Because you want to open up your APIs to other developers, you
decide to use OAuth2. Another reason might be that you want to
have a mobile client. Another may be that you have to do
cross-origin requests where you can't use session cookies. Maybe
you want to write an in-browser client. Or you want to use OAuth2
because tokens are limited in time and thus more secure. These are
only a couple of reasons to use OAuth2. I believe that using
OAuth2 as your primary protocol for authorization is smart. That
way there is only one protocol you need to take care of and you
can open up your APIs to other devs in no-time.
Now you install Hydra in your cluster. You can immediately set up new OAuth2 clients. However, if an app wants access to a user's todo lists, that user needs to give his consent. This is where https://ory-am.gitbooks.io/hydra/content/oauth2.html#authentication-flow comes in to play. Hydra needs to know WHICH user is giving consent. To do so, Hydra redirects to the login endpoint and issues a challenge. The login endpoint authenticates the user and asks for his consent ("Do you want to access MyCoolAnalyticsApp access to all your todo lists?"). After consenting, the login endpoint redirects back to hydra and appends a consent token. That consent token is verified and analyzed by hydra. the information extracted is used to issue an access token.
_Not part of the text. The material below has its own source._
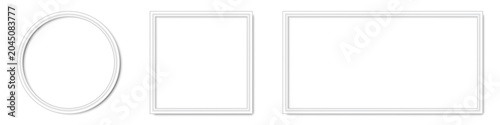 Tableau sur toile White picture frame and image gallery border with circle square rectangle shadow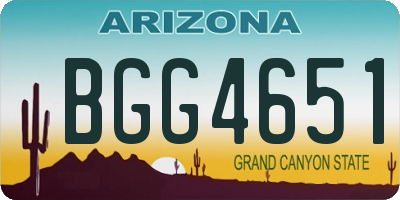 AZ license plate BGG4651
Now, everytime a request hits that contains an access token, you make a request to hydra and ask who the token's subject (user) is and if the token is valid. Additionally, you can ask if the token has permission to perform a certain action.
I hope this makes things clearer. Because I want to improve the docs, could you answer a few questions?
- did you understand the example?
- did you read the entire Guide (gitbook) and the API reference (apiary)?
- does the example layed out here explain things better than the docs?
- did you look at the react example? (if not, why not? missing docs? missing link?)
thanks!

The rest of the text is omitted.